Mr. Devine: Does my hon. Friend agree that the returning officers have an important role? What was striking during the last election was the number of people, many from poorer areas, who were not on the register.

Ann McKechin: I certainly agree with my hon. Friend that electoral registration officers have a very poor record indeed in respect of their ability to deal with marginalised groups, and this month’s events have unfortunately made the situation even worse.
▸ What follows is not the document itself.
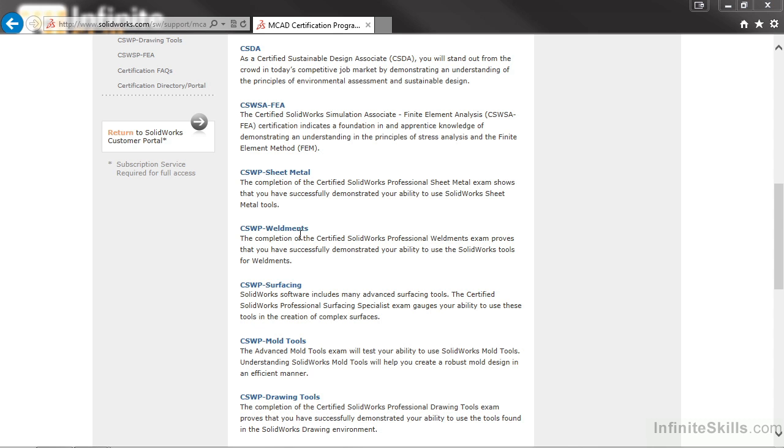I would be remiss if I said the exams were easy. All of these SolidWorks exams are challenging and will test your knowledge in the software. These exams are not to be taken lightly, and proper preparation is key.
From my own experience of representing a Glasgow seat, I know that problems with adult literacy among many in our population remain acute. Scotland has some of the lowest levels of literacy not only in the UK, but in the whole of western Europe. When someone’s literacy is poor, form filling is a daunting experience and many people lack the confidence even to admit that they have a problem in the first place. If people receive two pieces of paper with two contrasting sets of instructions, by the time they put pencil to paper, we can expect a small but significant percentage to be confused.
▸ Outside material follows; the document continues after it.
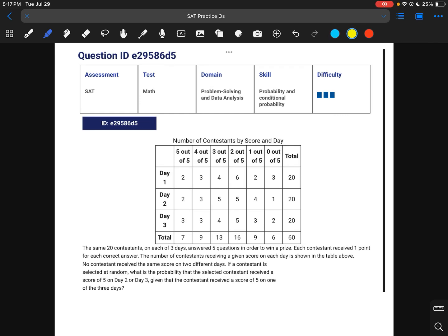For this question, we're told that there was some contest with 20 participants that took place over three days. Every time a question was answered, some points were given. We're asked: if we select a contestant at random, what is the probability that they received a score of five on day two or day three, given the condition that the contestant received a score of five on one of the three days?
Do I think that the elections should have been held on separate dates? Not necessarily. Some polling clerks used their initiative on the day to hand the papers out separately, giving out the second ballot after the voter had completed the first vote. It would probably have been better for the ballots to take place in different rooms in the polling station, so that only one set of instructions was given for each vote. The disappearing “guiding arrows” in Glasgow and Lothian only made a bad problem even worse. If forms are something that people tackle only occasionally and then often with help from a third party or friend, it should have been anticipated that some looking at the form would have read it as one long list that simply continued on to the right hand side of the page. The regional list was not even in strict alphabetical order. Branded names came first, based on the first letter on the line. Political parties, however bizarre or tiny, came next, and independents came last. The latter positioning reinforced the sight line that the four or five names at the top of the right-hand column were simply a continuation of the independents’ names on the left side. I was not alone in witnessing the hundreds of papers that showed one cross on the left-hand side and no votes on the constituency side. I agree with my hon. Friend the Member for Glasgow, South-West (Mr. Davidson) that that was deliberate in some cases, but I do not believe that an overwhelming majority intended to abstain. By that point, they must simply have been baffled.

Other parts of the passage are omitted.